→ **Your objective**:
Could you retype the records below exactly as they appear, skipping any pictures?

:: Information shown

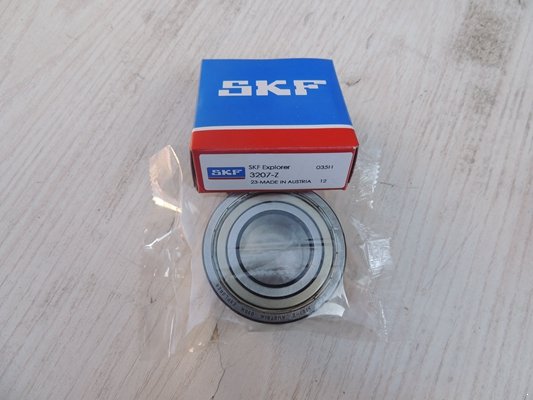 SKF 3207 A-2Z/MT33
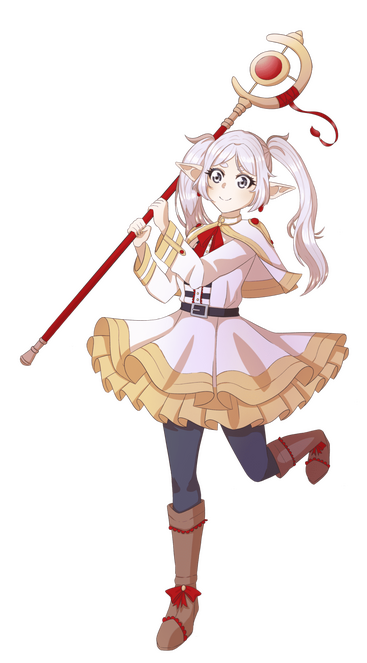 Frieren Fanart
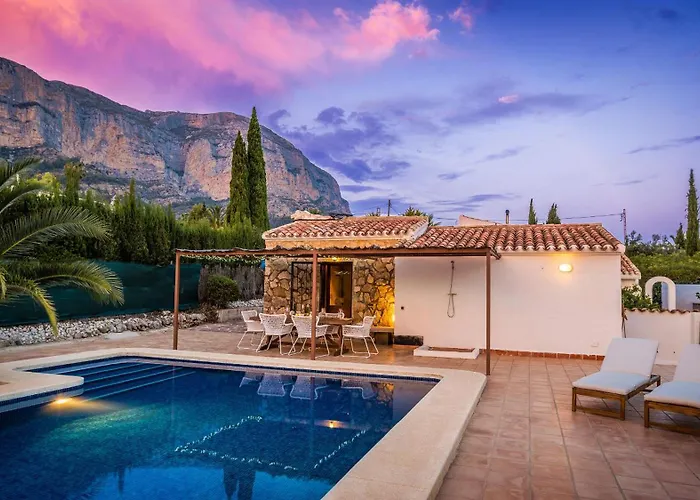 Casa El Formet Villa Jávea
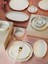 AR248904 Sc Amber White Kahvaltı Takımı 32 Parça 1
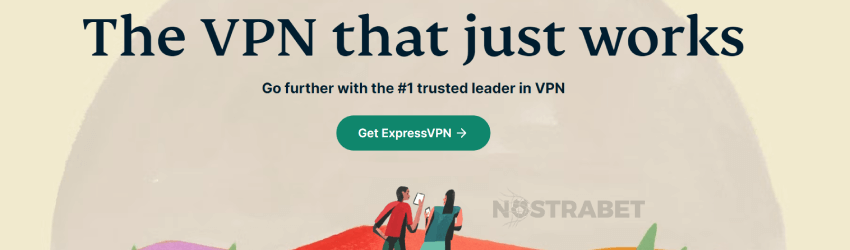 Express VPN Banner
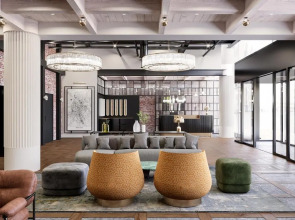 Golden Tulip Warszawa Centrum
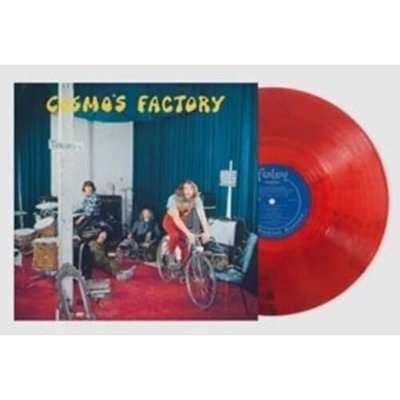 Cosmo's Factory (Red Smoke)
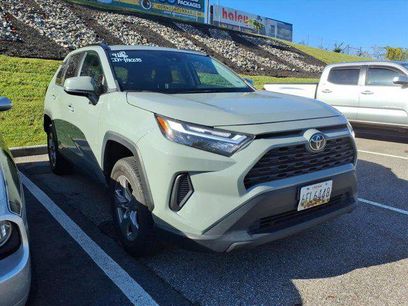 Certified 2023 Toyota RAV4 XLE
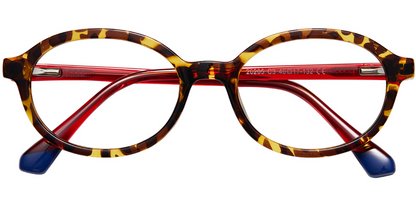 Kids Oval Frame F3791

::::

→ **Answer area**:
 SKF 3207 A-2Z/MT33
 Frieren Fanart
 Casa El Formet Villa Jávea
 AR248904 Sc Amber White Kahvaltı Takımı 32 Parça 1
 Express VPN Banner
 Golden Tulip Warszawa Centrum
 Cosmo's Factory (Red Smoke)
 Certified 2023 Toyota RAV4 XLE
 Kids Oval Frame F3791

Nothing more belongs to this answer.